Senarist ve oyuncu Gülse Birsel, Hürriyet’te “Medya nedir ne işe yarar?” başlığıyla yayımlanan yazısında “Geçtiğimiz haftalarda ABC News’taki bir silah tanıtımında cep telefonuyla çekilen görüntülerini ‘Türkiye’nin Suriye’deki saldırıları’ başlığı altında şaşkınlıkla izledik. Şık bir hareketle foyaları ortaya çıkarıldı, özür dilemek zorunda kaldılar” hatırlatmasında bulundu.
Birsel şöyle devam etti:”Geçtiğimiz gün ise CNBC, Pompeo’nun röportajındaki açıklamasının bir bölümünü keserek başlığı ‘ABD Türkiye’ye karşı askeri harekâta hazır’ şeklinde geçti. Oysa orijinal kayıtta muhabir ‘ABD, Türkiye ile savaşır mı’ diye soruyor, Pompeo ‘What?’ diye cevap veriyor. Bunun üzerine muhabir soruyu ‘O bölgede savaşa girer mi’ diye değiştiriyor ve ‘Bu ihtimalin olmadığını söyleyemeyiz’ yanıtını alıyor.
ABC News ve CNBC’nin prestijini fena halde düşüren, güvenilirliklerini (üstelik de çok önemli uluslararası konularda) düpedüz sorgulatan olaylar bunlar. Son günlerde yabancı basından örnekler çoğaltılabilir.
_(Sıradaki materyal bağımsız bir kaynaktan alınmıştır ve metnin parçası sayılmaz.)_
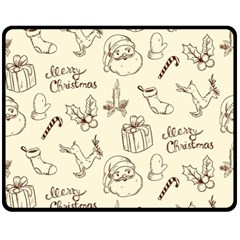 Vintage Christmas Pattern Fleece Blanket (medium)  by Vaneshart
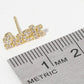 Gold-Dipped Cubic Zirconia Post Earrings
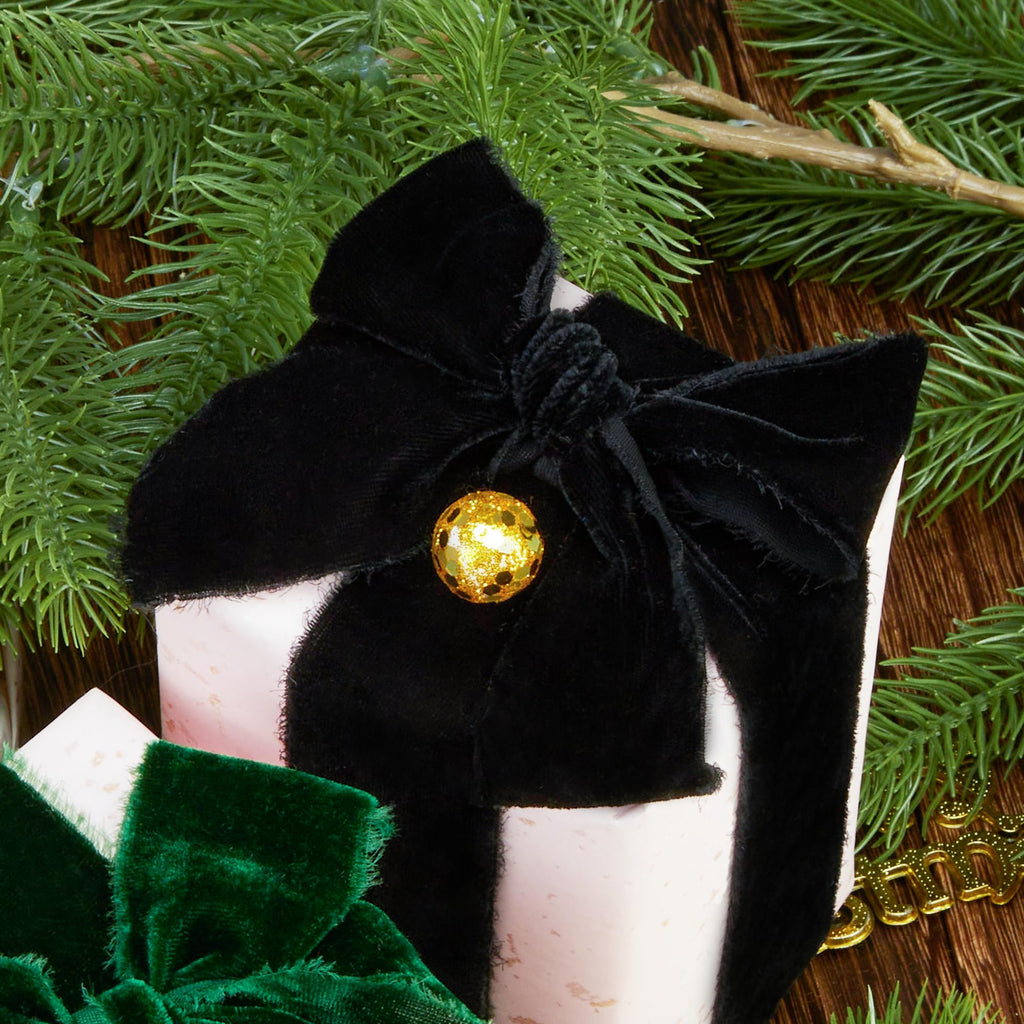 Keypan Black Velvet Ribbon for Gift Wrapping - 1 1/2 inch Wide Handmade Fringe Fabric Ribbon for Christmas Decorations, Baby Shower, Flower Bouquet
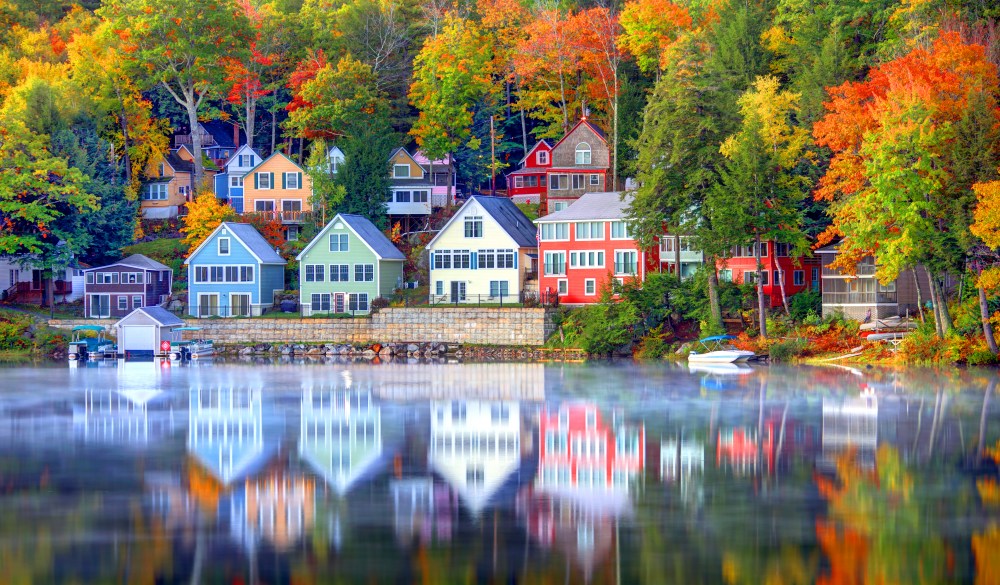 Autumn on Lake Winnipesaukee in New Hampshire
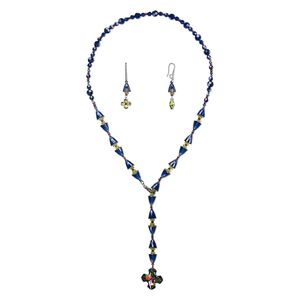 Necklace and earring set, One of a Kind Jewelry, 26 inch necklace and 2-1/4 earrings. Only one available.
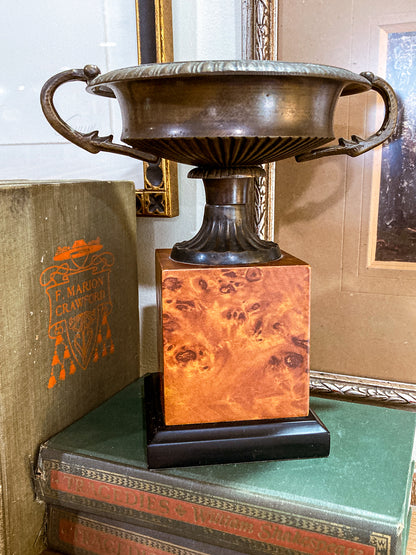 Vintage 1980's Reproduction Antique Grand Tour Style Pedestal Bronzed Urn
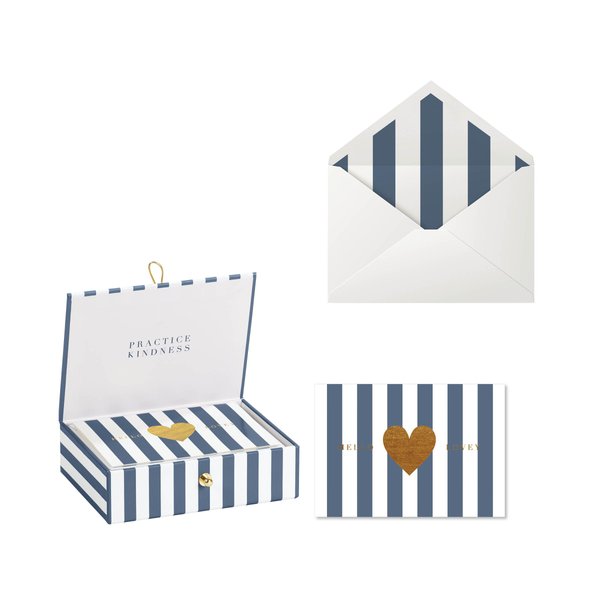 C.R. Gibson White and Blue Greeting Card Set with Gift Box, 20pc, 5'' W x 3.5'' H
Bizim medyadan ise örnek bile vermiyorum. Uzun yıllardır bir kısım şerefli yazar ve kurum hariç, objektif hatta doğru dürüst haber veren gittikçe azaldı.
Belki bu vesileyle, yani yurtdışı medyada haksızlık, çarpıtma ve yalan haberleri görüp bu kadar tepki vermişken kendimize dönüp bakma zamanıdır. Belki medyamızın ‘titizlik’ zamanıdır. Türkçe kullanımından sorumluluk almaya, tarafsızlıktan iyi muhabir yetiştirmeye, magazin ve slogandan kurtulup gerçek haberciliğe, bilgiye dönme zamanıdır.
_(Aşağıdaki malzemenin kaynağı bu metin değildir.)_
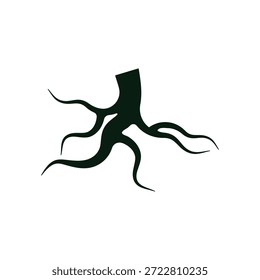 Ilustración de icono de logotipo de raíz plana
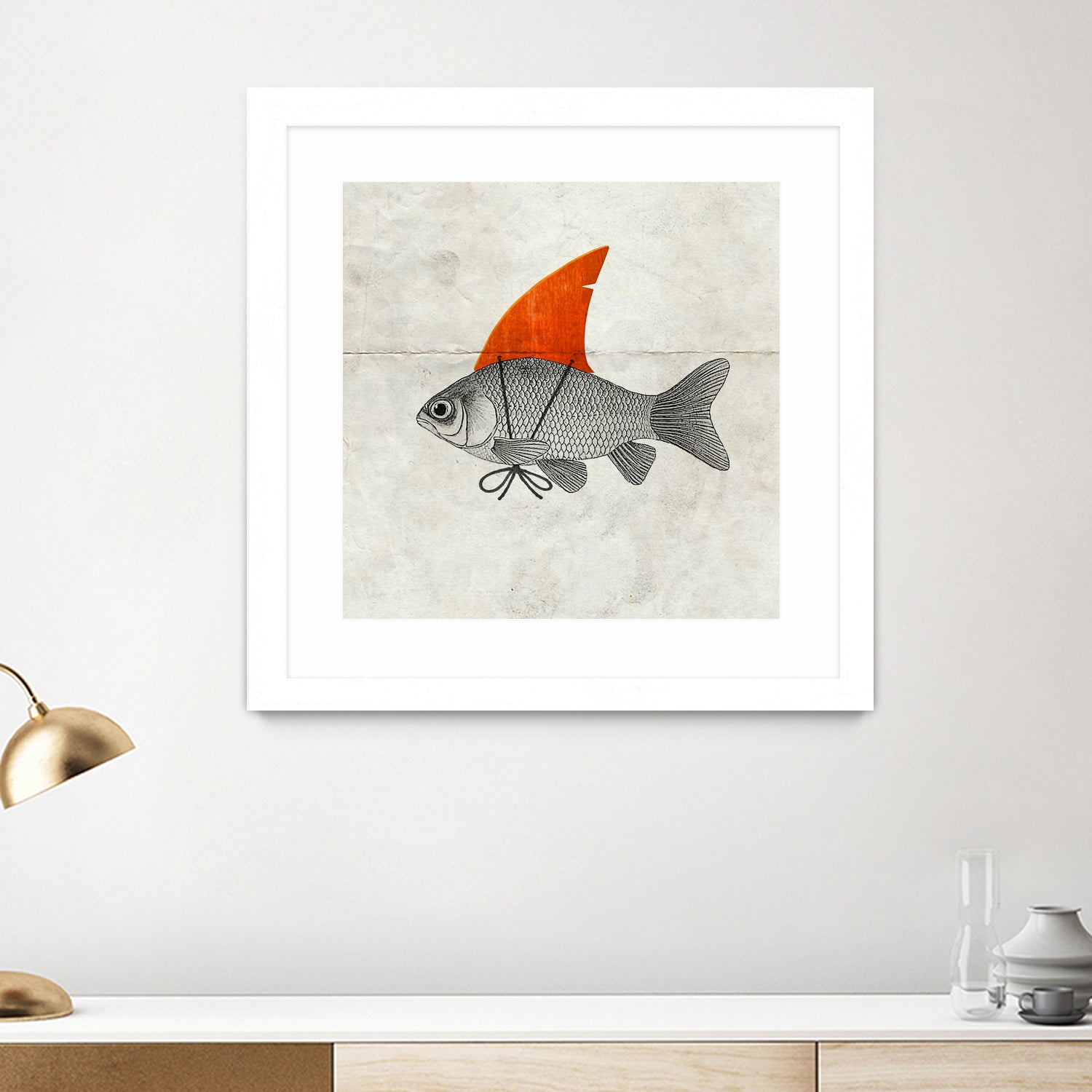 Goldfish with a Shark Fin by Vin Zzep on GIANT ART - white digital painting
Gerçi belki bu gidişatta medya okuyucusunun-seyircisinin de suçu vardır, bilinmez.Misal, pazar akşamı Fatih Altaylı, bana göre şu anki en önemli gündemimiz Marmara depremi konusunda tarihi bir program yaptı. Celal Şengör’le birlikte dünyanın en önemli 3 yer bilimcisi, 3 yabancı bilim adamı, aynı stüdyoda beklemekte olduğumuz depremi konuştular. Benim mantığıma göre o akşam, hatta takip eden günlerde gündemin bu olması gerekirdi. Twitter’da programla ilgili TT’lerden, ana haber bültenlerinde bu sohbetten yapılmış alıntılardan geçilmemesi lazımdı. Ne yazık ki öyle olmadı, belki birebir hayatımızı ilgilendiren en doğru, en kıymetli bilgiler o programı saatinde seyredenlere ve benim gibi tee sabah 3’teki tekrarını bekleyenlere ulaştı sadece.
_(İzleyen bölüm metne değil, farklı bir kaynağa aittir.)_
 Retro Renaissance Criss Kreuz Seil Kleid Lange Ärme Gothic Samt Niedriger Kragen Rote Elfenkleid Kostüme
Kültür dünyamızın, bilgi akışımızın gidişi gidiş değil!
Bilimden, bilgiden, gerçek veriden, doğru habercilikten uzaklaştıkça bir ’astroloji-magazin-boş slogan-fal-büyü-sahte şeyh’ toplumu olmaya doğru gidiyoruz. Medya da sosyal medya da bunun yaratacağı karanlık gelecekten sorumlu olacak!Ekonomiyi düzeltiriz, askeri operasyonlarımızda başarılı oluruz, belki diplomasiyi bile ustaca kıvırıp uluslararası sıkıntılardan çıkarız.
Ama genç kuşakların yaşamakta, büyümekte olduğu yalan ve hurafe dünyasına bakınca, hepimiz istikbalimize bakınca mücrim gibi titreyelim. Çünkü hepimiz de mücrimiz aslında.”